Leading parcel delivery firm DPD has helped turn a palliative care nurse’s idea into a nationwide initiative to provide much needed welfare and treat packs for patients and NHS staff.
The new initiative – called NHS Thursday – will see thousands of welfare packs and food and treat packs collated and distributed by DPD, to 160 NHS hospitals nationwide. The items have been donated by DPD staff, either extra items that they had at home, or things they have been able to pick-up while doing their usual shopping.
The list of items has been agreed with the NHS and deliveries coordinated with DPD’s existing NHS contacts. The welfare pack includes cosmetics and toiletries such as shampoo, shower gel, sanitary products, toothpaste, make-up, shaving foam and disposable razors. The food and treat packs contain instant noodles, energy drinks, biscuits, crisps, tea and coffee.

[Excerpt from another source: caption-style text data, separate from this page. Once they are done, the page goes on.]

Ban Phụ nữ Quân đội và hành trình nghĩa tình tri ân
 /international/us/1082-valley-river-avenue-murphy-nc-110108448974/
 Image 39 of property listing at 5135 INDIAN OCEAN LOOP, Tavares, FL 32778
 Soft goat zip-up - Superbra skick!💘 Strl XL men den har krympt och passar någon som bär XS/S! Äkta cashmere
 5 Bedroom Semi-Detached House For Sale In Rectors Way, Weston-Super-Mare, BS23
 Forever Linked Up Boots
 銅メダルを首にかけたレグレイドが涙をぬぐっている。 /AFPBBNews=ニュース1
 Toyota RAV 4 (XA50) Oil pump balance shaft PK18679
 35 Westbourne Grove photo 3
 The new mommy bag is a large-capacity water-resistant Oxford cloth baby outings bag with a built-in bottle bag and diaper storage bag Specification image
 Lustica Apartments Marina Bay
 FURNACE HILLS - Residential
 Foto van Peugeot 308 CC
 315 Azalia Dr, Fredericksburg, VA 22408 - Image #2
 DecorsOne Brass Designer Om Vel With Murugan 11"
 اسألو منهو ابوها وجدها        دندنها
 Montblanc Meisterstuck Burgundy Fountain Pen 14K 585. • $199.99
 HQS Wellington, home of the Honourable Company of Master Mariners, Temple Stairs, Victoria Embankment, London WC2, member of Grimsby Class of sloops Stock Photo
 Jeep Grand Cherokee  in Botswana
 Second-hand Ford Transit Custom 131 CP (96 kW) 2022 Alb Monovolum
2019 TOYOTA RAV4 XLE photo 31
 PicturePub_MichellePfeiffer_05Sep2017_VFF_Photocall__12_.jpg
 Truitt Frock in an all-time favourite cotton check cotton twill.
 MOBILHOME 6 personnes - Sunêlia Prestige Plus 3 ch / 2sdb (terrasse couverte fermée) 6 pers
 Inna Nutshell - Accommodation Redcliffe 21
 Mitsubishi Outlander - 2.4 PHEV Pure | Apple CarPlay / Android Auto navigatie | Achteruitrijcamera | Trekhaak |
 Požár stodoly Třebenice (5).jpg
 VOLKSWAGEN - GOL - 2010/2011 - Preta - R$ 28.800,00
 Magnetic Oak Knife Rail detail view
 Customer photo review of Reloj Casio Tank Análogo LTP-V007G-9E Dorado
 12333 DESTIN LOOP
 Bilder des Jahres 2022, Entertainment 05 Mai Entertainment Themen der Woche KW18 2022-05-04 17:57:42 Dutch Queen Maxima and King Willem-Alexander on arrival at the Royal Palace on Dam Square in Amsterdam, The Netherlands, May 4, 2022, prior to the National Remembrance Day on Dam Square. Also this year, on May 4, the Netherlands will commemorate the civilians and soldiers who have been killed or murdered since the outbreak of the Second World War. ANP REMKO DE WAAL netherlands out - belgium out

The idea came from Nikitta Jones, a palliative care nurse at Ysbyty Cwm Cynon, the Cynon Valley Hospital, near Merthyr Tydfil. Jones’ partner is Nikos Minadakis, who is a DPD driver, based in the Cardiff depot. Jones had explained to him that families are no longer allowed to visit the ward under the current Covid-19 restrictions, and in addition to the loss of contact, patients also aren’t getting supplies and treats from home.
Jones commented: “The whole team on Ward 6 are amazing and I’m so proud of the work they do, but it is very difficult at the moment to give our patients everything they need. It is important to be able to maintain their dignity and give them the kind of home comforts their families would normally bring in. So, partly this is about providing essential items for personal hygiene and partly it is about being able to treat our patients the way their families would.”
Minadakis spoke to colleagues who suggested Jones email DPD CEO Dwain McDonald direct. As a result, all 68 DPD depots up and down the country got involved in collecting, collating and delivering the packs. Staff were encouraged to work with local hospitals using existing contacts and friends to verify requirements. Each depot has been helping up to six different hospitals in their area and the hospital’s regular DPD driver will then deliver the packs to their contact at a prearranged time.
McDonald commented: “When Nikitta explained the issue, it was a no-brainer. But neither of us were expecting it to turn into a nationwide initiative. We have been blown away by the response from staff. We are incredibly busy at the moment, but everyone we spoke to within DPD wanted to help.
“Nikitta originally only asked for a bag of shopping for her own ward, but in talking to her and the team it has turned into something far bigger. Everyone has jumped on this and we still have more donations coming in. I can see us running this again next week and for as long as it is required. The packs are designed for patients and the NHS staff themselves. We wanted to help people like Nikitta look after everyone, but we also wanted to say a massive thank you to NHS workers and help keep their energy levels up too.”